The picture on the cover of This Is Just Exactly Like You (Viking, $25.95, 352 p.) is of a suburban back yard, where what looks like a five-foot-high statue of an upright chipmunk (or is it a gopher?) stands dead center at the end of a cement pathway that ends in an arrow. It has the cheerful inscrutability of a found photo, and undoubtedly makes sense only to the person who lost it.
Greensboro, North Carolina, native Drew Perry offers a possible interpretation in his deadpan, uproariously funny first novel about a young couple whose marriage has collapsed. Whether it’s because of a kitchen remodel gone bad, or the fallout from dealing with their autistic child, husband and father Jack Lang is on a mission: There’s something out there that will fix things, but only he will know what it is, and he won’t recognize it until he sees it.
Along for the ride are Jack’s two employees: the beer-guzzling Butner, who runs Jack’s company, Patriot Tree & Mulch; and Ernesto, a nurseryman who can “bring anything back to life.” After Jack’s wife, Beth, leaves him, they agreeably default to “Big Lebowski”-style babysitters for six-year-old Hendrick, who communicates through a litany of televised weather reports and commercials for life insurance and used-car lots.
Beth has pursued every possible channel with Hendrick—therapy, medication, diet, an exhausting daily routine of safety and preventative measures. She and Jack have read all the books and sought advice from countless “Beanbags,” his name for the experts that decide where Hendrick falls “on the spectrum” of autism.

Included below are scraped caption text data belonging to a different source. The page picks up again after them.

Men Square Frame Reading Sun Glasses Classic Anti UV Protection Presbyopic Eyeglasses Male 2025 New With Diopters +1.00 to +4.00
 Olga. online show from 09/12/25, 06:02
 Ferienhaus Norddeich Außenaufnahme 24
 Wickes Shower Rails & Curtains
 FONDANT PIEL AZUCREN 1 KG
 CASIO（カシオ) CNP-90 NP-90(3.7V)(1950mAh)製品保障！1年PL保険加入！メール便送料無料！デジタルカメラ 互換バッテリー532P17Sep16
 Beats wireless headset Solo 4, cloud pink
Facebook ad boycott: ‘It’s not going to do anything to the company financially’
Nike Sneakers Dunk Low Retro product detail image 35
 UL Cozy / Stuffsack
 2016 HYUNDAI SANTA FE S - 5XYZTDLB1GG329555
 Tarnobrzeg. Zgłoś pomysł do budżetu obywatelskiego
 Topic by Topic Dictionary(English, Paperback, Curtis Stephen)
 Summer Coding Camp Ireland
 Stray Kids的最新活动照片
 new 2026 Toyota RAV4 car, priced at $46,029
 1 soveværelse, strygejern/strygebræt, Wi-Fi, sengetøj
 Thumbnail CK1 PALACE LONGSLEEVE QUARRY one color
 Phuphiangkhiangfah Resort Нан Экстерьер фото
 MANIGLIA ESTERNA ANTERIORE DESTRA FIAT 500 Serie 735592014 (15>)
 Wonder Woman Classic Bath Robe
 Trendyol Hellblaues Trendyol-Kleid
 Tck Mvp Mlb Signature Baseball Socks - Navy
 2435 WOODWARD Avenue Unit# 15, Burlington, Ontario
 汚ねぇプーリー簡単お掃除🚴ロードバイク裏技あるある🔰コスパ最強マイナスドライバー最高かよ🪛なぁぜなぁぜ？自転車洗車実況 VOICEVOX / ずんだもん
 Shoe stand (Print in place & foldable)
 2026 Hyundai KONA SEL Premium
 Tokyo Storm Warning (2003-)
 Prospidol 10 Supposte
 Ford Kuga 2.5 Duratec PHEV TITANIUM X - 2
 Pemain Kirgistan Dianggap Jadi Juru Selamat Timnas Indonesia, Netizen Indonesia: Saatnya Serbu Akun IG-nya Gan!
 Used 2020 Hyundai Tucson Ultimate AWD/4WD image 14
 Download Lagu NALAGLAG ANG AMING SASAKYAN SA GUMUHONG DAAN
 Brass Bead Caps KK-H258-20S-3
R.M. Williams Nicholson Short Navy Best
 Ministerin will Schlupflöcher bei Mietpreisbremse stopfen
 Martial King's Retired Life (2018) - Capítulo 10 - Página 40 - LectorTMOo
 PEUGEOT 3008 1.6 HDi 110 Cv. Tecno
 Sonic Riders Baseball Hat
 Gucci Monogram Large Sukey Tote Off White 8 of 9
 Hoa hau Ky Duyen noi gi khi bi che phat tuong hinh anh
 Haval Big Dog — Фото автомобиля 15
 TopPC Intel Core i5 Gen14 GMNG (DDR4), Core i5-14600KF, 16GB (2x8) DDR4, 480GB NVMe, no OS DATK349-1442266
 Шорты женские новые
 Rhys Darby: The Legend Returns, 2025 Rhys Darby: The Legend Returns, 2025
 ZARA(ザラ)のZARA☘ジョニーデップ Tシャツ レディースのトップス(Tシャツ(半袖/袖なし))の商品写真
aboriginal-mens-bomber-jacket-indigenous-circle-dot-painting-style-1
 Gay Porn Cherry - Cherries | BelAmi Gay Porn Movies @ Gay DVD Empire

Maybe because he shares some of Hendrick’s eccentric tendencies, Jack’s okay with his son the way he is. “It’s what surprised him the most—not the overpowering love all the books required that he feel for his child—just that he simply liked being around him.” For Jack, Hendrick’s behavior and the information he shares has rhythms. It’s a kind of language Jack can learn, if he pays attention.
Unfortunately, Beth doesn’t get it. Her despair that Hendrick “can’t be unlocked” underlies the numbing caregiving routine the couple has developed for Hendrick—“a parallel universe” that feels increasingly alien to Jack. He rebels by bungling their kitchen remodel big-time, leaving Beth to cope with the wreckage, and to top things off, he buys the house across the street to flip, knowing he’s pushing her, and he’s not surprised when she walks out. What he didn’t expect was that she’d move in with his best friend, Canavan.
In a wry twist on parallel universes, Jack moves into his second house with Hendrick, arranging the furniture to reproduce the one they just left. Next, he adds Canavan’s ex-girlfriend Rena to his mission, a snarky, appealing muse who so wholeheartedly approves of his “big, stupid plans” that she even scares Jack.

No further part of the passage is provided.